Take the inlet off and look at the ball really close, you'll see a small peice of white plastic, get it out.


----------



## Workaholic (Feb 3, 2007)

Brushslingers said:


> Take the inlet off and look at the ball really close, you'll see a small peice of white plastic, get it out.


This is what i was going to say as well. 
Rent you a rig if you have to, have yours repaired.


----------



## Traditions (Aug 22, 2006)

what is the white plastic?


----------



## Brushslingers (Jul 28, 2006)

Dunno really, some sort of packing that always comes loose and jams the ball, i've had five spraytechs and every single one does the same thing.... pumps out a few fives and then.... jam, every single one had a little peice of white plastic jammed in the ball. My oldest one has now pumped out about 4k gallons and still going strong after that incident.

Oh yeah, if you call thier "help" line, they will tell you to tap the ball housing with a screwdriver and call back, then they will tell you to duct tape the tube... heh, worthless.


----------



## Workaholic (Feb 3, 2007)

LMAO @ Duct tape.
I used to run a small 2205 for trim, same thing.


----------



## Traditions (Aug 22, 2006)

maybe a dumb question but why would it build pressure at half but not at full pressure?


----------



## Brushslingers (Jul 28, 2006)

Ball is sticking at half cocked... more pressure more the ball needs to move.


----------



## Traditions (Aug 22, 2006)

I ended up sending it off.
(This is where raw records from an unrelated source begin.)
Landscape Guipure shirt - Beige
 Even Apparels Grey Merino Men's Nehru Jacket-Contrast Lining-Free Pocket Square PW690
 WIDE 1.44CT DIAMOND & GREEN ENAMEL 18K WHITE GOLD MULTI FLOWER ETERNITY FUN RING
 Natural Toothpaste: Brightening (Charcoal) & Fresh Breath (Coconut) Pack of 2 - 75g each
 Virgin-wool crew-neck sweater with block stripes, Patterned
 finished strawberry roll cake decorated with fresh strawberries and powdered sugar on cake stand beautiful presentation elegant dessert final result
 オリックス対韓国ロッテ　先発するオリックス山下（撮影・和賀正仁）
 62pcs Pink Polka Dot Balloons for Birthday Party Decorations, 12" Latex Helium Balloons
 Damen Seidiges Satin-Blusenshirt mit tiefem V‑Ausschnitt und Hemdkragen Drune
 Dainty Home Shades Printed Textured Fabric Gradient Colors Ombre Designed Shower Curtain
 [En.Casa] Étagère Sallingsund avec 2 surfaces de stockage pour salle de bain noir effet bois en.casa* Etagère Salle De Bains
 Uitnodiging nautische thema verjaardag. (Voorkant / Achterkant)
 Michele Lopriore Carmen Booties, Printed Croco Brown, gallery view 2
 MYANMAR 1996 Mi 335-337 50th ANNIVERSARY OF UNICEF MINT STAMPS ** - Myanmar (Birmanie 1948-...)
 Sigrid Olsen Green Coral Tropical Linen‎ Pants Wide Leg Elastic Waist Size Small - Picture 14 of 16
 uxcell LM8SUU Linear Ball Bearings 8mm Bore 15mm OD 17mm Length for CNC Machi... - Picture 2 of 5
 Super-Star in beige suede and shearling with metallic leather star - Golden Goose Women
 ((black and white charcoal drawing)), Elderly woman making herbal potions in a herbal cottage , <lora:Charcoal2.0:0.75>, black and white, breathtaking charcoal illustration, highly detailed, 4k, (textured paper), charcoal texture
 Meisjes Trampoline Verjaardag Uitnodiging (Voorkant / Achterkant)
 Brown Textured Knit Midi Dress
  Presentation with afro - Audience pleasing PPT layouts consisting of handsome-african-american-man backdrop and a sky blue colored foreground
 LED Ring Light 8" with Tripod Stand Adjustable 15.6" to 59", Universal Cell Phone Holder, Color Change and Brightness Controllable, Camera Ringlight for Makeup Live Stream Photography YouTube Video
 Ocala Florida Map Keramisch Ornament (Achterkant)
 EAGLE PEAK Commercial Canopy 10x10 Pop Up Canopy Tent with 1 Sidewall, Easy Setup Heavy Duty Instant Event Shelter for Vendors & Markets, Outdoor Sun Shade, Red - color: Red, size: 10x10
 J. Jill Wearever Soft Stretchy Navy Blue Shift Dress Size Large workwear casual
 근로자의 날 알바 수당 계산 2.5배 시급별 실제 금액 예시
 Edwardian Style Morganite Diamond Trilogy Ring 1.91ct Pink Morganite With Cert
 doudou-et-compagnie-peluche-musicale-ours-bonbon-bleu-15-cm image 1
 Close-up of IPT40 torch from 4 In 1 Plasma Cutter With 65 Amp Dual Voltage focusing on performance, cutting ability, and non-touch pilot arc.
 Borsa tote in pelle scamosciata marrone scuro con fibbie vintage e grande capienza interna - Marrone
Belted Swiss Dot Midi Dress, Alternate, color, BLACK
Sw store in decatur works on them so they are sending it there. It is still under warranty. Sprayers are a great tool but it seems like i am always working on them. I need to learn to service them better. I am pretty good with mechanic type work. I just don't have the time lately to tinker with it. Would save lots of time and MONEY! Thanks for all your replies!


----------



## Workaholic (Feb 3, 2007)

Yeah i prefer to do most of my maintance myself. My 695 blew a chip a couple of years ago, i could'nt figure out what was wrong so i had to send it out, cost 300 dollars. Now i have service manuals for graco on dvd.


----------